> _Your task_
Print out every line of the material exactly. Include no pictures.

> _Raw data_
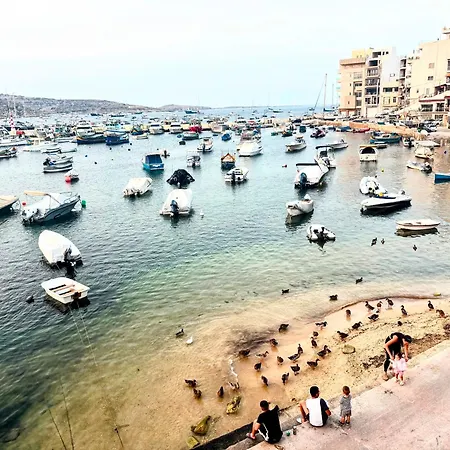 公寓 Stunning Seafront With Spectacular Sea Views 圣保罗湾城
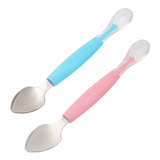 Colher Infantil Com Raspador P  Frutas E Legumes 2 Em 1 Buba
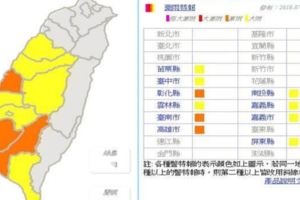 台南仁德打雷打到傢具在晃！苗栗以南10縣市豪雨特報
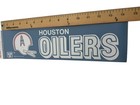 Nfl Houston Oilers Vintage Defunct Circa 1970s Team Logo Bumper Sticker 14 1 2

> _Response below_
 公寓 Stunning Seafront With Spectacular Sea Views 圣保罗湾城
 Colher Infantil Com Raspador P  Frutas E Legumes 2 Em 1 Buba
 台南仁德打雷打到傢具在晃！苗栗以南10縣市豪雨特報
 Nfl Houston Oilers Vintage Defunct Circa 1970s Team Logo Bumper Sticker 14 1 2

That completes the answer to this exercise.